WHAT THE EXERCISE ASKS: All lines from the one that contains "Clockwise from left: Amazon" to the end of the data must be retyped exactly. Pictures are not retyped.

THE DATA:
------------------------
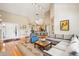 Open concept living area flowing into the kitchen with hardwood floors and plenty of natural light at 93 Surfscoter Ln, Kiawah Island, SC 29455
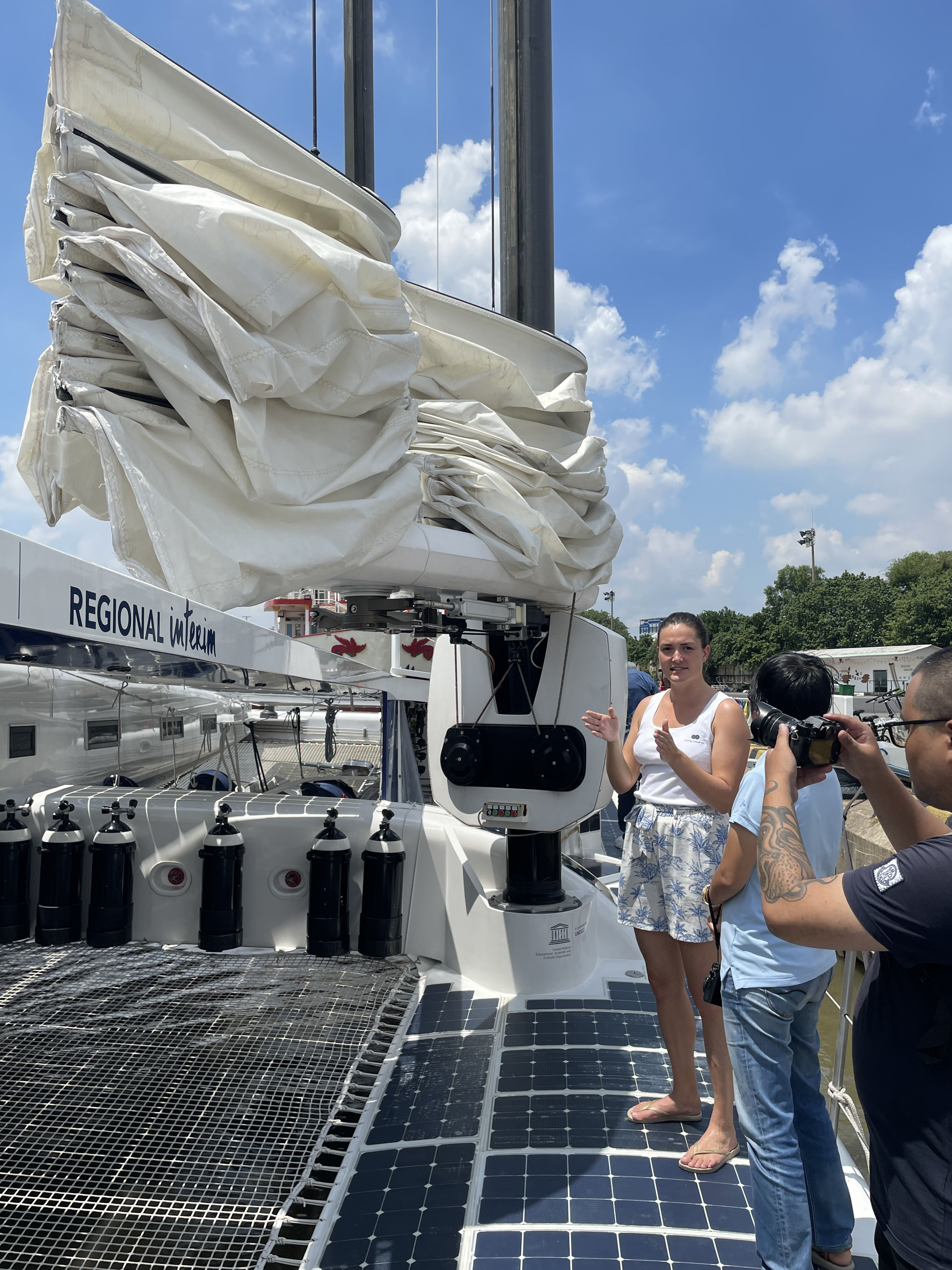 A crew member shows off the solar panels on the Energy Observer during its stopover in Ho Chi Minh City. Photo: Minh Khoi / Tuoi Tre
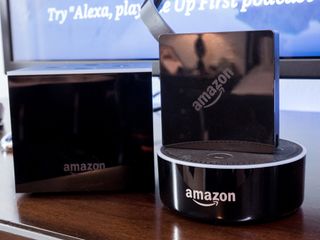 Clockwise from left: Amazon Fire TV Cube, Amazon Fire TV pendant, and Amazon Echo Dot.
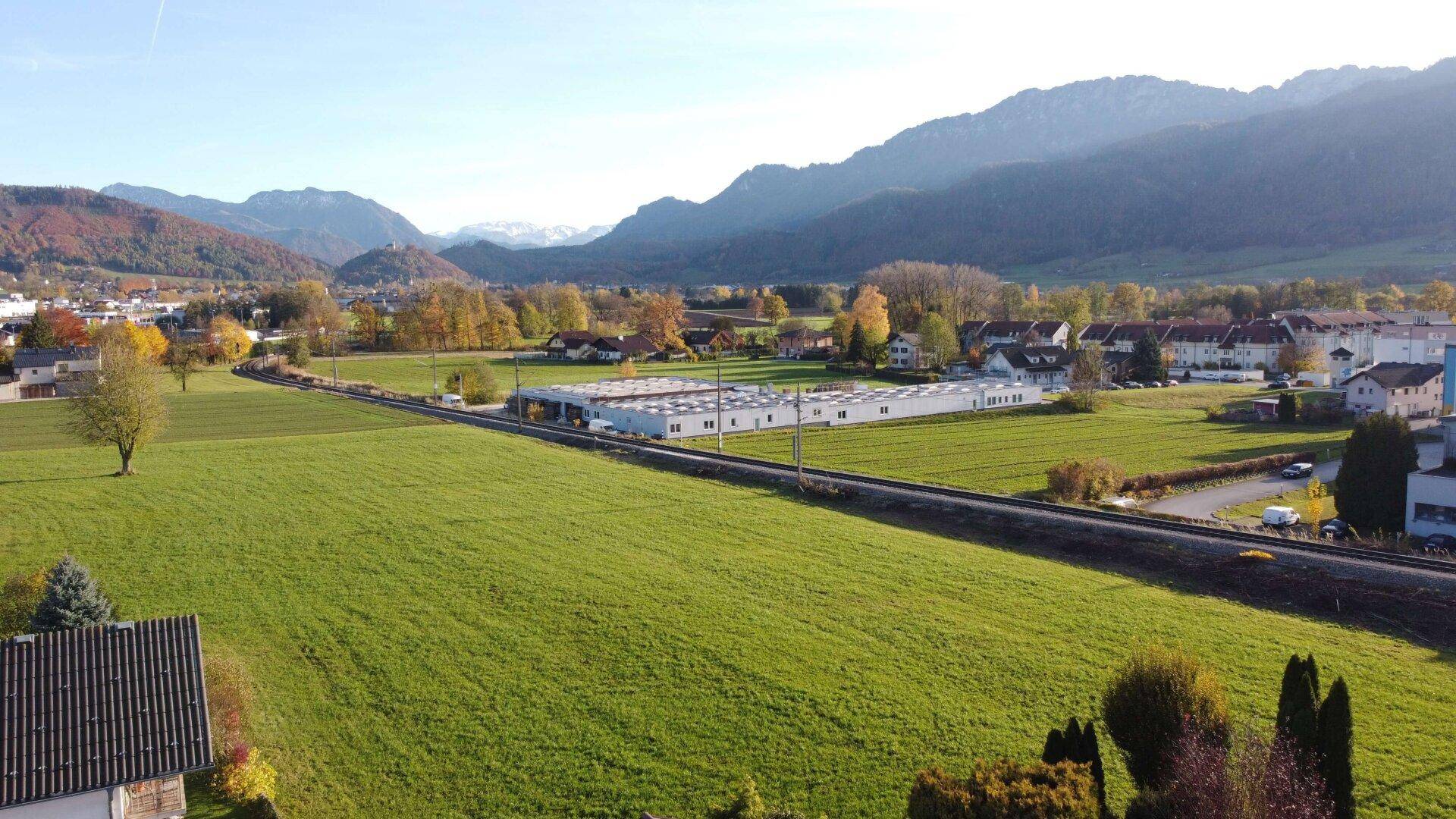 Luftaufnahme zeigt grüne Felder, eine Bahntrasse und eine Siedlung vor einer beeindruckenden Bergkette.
------------------------
RESPONSE:
 Clockwise from left: Amazon Fire TV Cube, Amazon Fire TV pendant, and Amazon Echo Dot.
 Luftaufnahme zeigt grüne Felder, eine Bahntrasse und eine Siedlung vor einer beeindruckenden Bergkette.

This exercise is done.